DanmuService (chat capture)

Danmu collection is session-scoped but writes files per segment:

• A websocket connection stays alive for the session
• Segment boundaries (from download events) open/close danmu files (e.g. XML)
• Danmu events are forwarded to the pipeline for paired/session coordination

PipelineManager (job queue + DAG + worker pools)

The pipeline manager is the post-processing engine:

• Maintains a DB-backed job queue (with recovery on restart)
• Executes a DAG pipeline model (fan-in / fan-out)
• Uses separate worker pools for CPU-bound and IO-bound processors
• Coordinates multi-stage triggers:
  • Segment pipelines (single output file)
  • Paired-segment pipelines (video + danmu for the same segment index)
  • Session-complete pipelines (once all segments are complete)

See also: DAG Pipeline

NotificationService (event fan-out)

Notifications subscribe to monitor/download/pipeline events and deliver them to configured channels (Discord / Email / Webhook), with retry, circuit breakers, and dead-letter persistence.

See also: Notifications

Key flows

Recording lifecycle (end-to-end)

API request flow (control plane)

Event-driven communication

Most cross-service coordination happens via Tokio broadcast channels.

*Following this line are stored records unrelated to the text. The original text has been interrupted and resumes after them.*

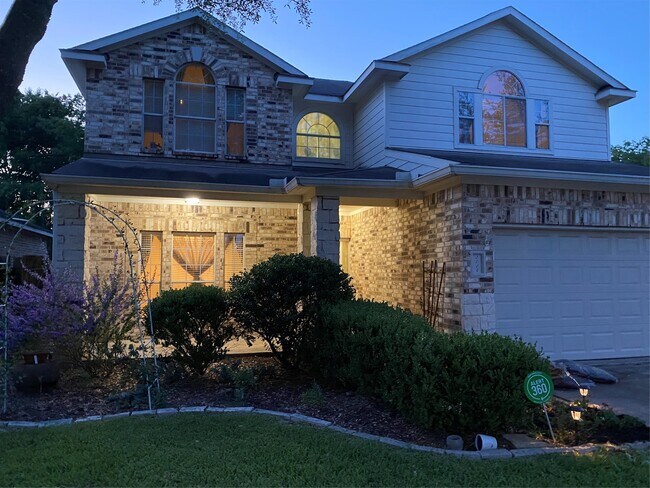 Foto del edificio - 2714 Orchard Creek Ln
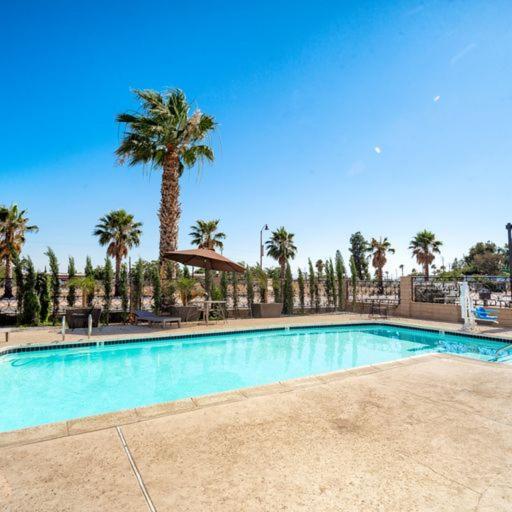 Homestay Suites - Studios&Spas Moreno Valley Exterior foto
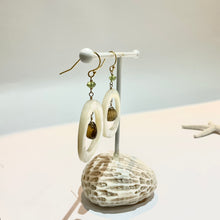 画像をギャラリービューアに読み込む, ✨NEW✨ 白蝶ドーナツ・天然石ピアス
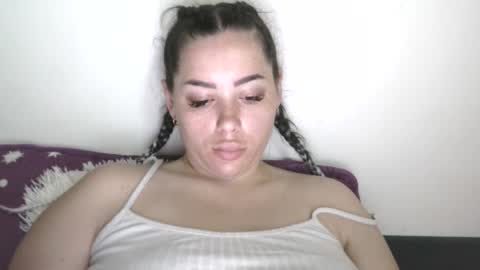 prettyjulliette online show from July 13, 11:58 am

Stream	Publisher	Typical consumers	Notes
ConfigUpdateEvent	ConfigService	Scheduler, DownloadManager, PipelineManager, ServiceContainer	Drives hot reload and cleanup when streamers become inactive
MonitorEvent	StreamMonitor	ServiceContainer, NotificationService	Emitted through the DB outbox (best-effort delivery under restarts)
DownloadManagerEvent	DownloadManager	PipelineManager, Scheduler, NotificationService	Segment boundaries are the main trigger for pipelines
DanmuEvent	DanmuService	PipelineManager	Used for paired-segment and session-complete coordination
PipelineEvent	PipelineManager	NotificationService	Job lifecycle events for observability

About throttling

PipelineManager contains an optional throttling subsystem (ThrottleController) that can emit events and apply download concurrency adjustments if a DownloadLimitAdjuster is wired in.

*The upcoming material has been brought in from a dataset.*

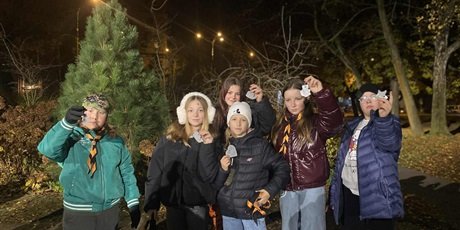 Powiększ grafikę: badz-widoczny-lsnij-jak-bohater-658983.jpg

Observability, health, and shutdown

• Logging uses tracing with a reloadable filter and log retention cleanup
• Health endpoints:
  • GET /api/health/live (no auth; suitable for container liveness)
  • GET /api/health and GET /api/health/ready (require auth when JWT is configured)
• Shutdown:
  • The ServiceContainer holds a CancellationToken and propagates it to background tasks
  • SIGINT/SIGTERM triggers a graceful shutdown sequence